Start of Extracted data

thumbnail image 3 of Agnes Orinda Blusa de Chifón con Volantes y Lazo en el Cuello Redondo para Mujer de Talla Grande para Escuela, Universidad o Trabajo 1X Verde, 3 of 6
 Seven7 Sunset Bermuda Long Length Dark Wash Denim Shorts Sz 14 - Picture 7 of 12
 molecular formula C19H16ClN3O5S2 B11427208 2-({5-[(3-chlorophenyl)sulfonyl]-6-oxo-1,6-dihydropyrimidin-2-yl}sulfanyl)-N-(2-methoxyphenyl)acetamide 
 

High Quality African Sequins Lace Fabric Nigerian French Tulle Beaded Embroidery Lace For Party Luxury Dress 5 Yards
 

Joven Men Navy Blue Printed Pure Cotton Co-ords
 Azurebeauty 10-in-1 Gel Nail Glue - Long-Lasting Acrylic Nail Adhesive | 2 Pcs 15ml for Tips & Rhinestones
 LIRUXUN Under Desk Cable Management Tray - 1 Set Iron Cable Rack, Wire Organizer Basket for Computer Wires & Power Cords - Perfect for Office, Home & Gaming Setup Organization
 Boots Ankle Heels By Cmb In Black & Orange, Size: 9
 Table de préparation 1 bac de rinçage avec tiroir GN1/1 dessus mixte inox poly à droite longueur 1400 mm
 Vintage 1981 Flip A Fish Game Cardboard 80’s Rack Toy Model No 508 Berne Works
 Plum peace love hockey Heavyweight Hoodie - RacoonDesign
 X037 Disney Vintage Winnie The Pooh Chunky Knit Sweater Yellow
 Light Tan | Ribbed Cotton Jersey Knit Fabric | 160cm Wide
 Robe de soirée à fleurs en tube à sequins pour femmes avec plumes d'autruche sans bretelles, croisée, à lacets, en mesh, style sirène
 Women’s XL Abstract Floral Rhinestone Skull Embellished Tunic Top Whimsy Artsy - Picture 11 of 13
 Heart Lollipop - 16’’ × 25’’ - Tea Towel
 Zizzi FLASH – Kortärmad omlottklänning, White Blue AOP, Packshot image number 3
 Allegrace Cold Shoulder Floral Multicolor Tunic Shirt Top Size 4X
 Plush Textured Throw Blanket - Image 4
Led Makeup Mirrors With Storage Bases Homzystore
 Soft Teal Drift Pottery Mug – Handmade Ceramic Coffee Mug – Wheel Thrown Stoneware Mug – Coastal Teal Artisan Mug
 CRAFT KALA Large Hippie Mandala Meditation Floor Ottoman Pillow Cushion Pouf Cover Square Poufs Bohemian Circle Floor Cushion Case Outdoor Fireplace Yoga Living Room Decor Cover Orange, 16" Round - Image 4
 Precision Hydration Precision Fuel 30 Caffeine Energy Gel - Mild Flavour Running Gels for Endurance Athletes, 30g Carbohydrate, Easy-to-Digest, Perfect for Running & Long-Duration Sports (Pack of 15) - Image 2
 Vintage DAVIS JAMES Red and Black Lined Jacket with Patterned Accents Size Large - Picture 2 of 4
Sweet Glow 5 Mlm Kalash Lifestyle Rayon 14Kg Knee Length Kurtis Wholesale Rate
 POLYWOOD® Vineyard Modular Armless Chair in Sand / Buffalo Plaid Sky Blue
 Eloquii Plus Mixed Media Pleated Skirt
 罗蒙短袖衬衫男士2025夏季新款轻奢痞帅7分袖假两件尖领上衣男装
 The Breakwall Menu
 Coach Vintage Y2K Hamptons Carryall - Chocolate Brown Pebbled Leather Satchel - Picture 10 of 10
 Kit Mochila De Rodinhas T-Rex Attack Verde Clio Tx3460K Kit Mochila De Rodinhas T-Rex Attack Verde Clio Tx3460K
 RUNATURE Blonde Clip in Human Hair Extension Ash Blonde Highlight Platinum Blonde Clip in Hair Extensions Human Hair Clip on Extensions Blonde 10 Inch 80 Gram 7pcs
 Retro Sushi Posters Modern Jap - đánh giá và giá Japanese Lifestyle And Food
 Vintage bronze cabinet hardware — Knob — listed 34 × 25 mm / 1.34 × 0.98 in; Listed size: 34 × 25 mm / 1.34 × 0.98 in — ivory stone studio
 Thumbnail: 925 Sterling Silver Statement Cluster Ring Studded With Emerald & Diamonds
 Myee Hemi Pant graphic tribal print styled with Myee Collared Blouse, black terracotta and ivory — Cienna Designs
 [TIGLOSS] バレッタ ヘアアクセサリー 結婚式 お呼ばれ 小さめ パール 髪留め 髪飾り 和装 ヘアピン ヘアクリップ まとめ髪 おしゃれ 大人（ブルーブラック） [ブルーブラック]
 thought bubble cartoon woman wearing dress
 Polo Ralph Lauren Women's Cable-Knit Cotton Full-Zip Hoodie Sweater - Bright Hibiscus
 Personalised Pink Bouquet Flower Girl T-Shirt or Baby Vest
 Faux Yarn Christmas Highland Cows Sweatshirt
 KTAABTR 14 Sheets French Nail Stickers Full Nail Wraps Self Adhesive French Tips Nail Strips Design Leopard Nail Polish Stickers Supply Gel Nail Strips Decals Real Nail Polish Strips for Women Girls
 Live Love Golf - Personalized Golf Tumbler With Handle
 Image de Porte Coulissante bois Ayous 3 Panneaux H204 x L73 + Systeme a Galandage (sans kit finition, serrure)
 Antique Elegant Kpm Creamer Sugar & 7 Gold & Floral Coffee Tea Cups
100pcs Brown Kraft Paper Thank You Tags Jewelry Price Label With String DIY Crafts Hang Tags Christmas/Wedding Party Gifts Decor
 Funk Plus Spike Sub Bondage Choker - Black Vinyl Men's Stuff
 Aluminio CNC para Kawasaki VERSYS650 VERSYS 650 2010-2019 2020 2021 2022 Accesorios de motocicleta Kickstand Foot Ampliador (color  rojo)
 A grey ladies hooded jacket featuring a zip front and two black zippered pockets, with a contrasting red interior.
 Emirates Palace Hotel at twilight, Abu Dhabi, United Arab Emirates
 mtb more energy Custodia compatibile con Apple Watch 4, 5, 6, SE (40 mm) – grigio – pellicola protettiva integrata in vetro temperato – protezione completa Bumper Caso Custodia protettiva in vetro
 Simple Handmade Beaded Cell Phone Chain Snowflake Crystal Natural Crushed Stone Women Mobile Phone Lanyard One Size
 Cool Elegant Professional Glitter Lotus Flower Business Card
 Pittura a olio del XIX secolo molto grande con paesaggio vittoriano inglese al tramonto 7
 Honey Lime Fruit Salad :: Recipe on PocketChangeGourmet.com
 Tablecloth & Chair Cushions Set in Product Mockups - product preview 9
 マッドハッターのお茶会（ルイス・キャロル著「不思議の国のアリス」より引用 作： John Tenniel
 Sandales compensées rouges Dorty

End of Extracted data

All that is wanted is a faithful reproduction of the line above with "Plush Textured Throw Blanket - Image 4", the line with "thought bubble cartoon woman wearing dress", and every line in between.

- **Output for this exercise**:
 Plush Textured Throw Blanket - Image 4
Led Makeup Mirrors With Storage Bases Homzystore
 Soft Teal Drift Pottery Mug – Handmade Ceramic Coffee Mug – Wheel Thrown Stoneware Mug – Coastal Teal Artisan Mug
 CRAFT KALA Large Hippie Mandala Meditation Floor Ottoman Pillow Cushion Pouf Cover Square Poufs Bohemian Circle Floor Cushion Case Outdoor Fireplace Yoga Living Room Decor Cover Orange, 16" Round - Image 4
 Precision Hydration Precision Fuel 30 Caffeine Energy Gel - Mild Flavour Running Gels for Endurance Athletes, 30g Carbohydrate, Easy-to-Digest, Perfect for Running & Long-Duration Sports (Pack of 15) - Image 2
 Vintage DAVIS JAMES Red and Black Lined Jacket with Patterned Accents Size Large - Picture 2 of 4
Sweet Glow 5 Mlm Kalash Lifestyle Rayon 14Kg Knee Length Kurtis Wholesale Rate
 POLYWOOD® Vineyard Modular Armless Chair in Sand / Buffalo Plaid Sky Blue
 Eloquii Plus Mixed Media Pleated Skirt
 罗蒙短袖衬衫男士2025夏季新款轻奢痞帅7分袖假两件尖领上衣男装
 The Breakwall Menu
 Coach Vintage Y2K Hamptons Carryall - Chocolate Brown Pebbled Leather Satchel - Picture 10 of 10
 Kit Mochila De Rodinhas T-Rex Attack Verde Clio Tx3460K Kit Mochila De Rodinhas T-Rex Attack Verde Clio Tx3460K
 RUNATURE Blonde Clip in Human Hair Extension Ash Blonde Highlight Platinum Blonde Clip in Hair Extensions Human Hair Clip on Extensions Blonde 10 Inch 80 Gram 7pcs
 Retro Sushi Posters Modern Jap - đánh giá và giá Japanese Lifestyle And Food
 Vintage bronze cabinet hardware — Knob — listed 34 × 25 mm / 1.34 × 0.98 in; Listed size: 34 × 25 mm / 1.34 × 0.98 in — ivory stone studio
 Thumbnail: 925 Sterling Silver Statement Cluster Ring Studded With Emerald & Diamonds
 Myee Hemi Pant graphic tribal print styled with Myee Collared Blouse, black terracotta and ivory — Cienna Designs
 [TIGLOSS] バレッタ ヘアアクセサリー 結婚式 お呼ばれ 小さめ パール 髪留め 髪飾り 和装 ヘアピン ヘアクリップ まとめ髪 おしゃれ 大人（ブルーブラック） [ブルーブラック]
 thought bubble cartoon woman wearing dress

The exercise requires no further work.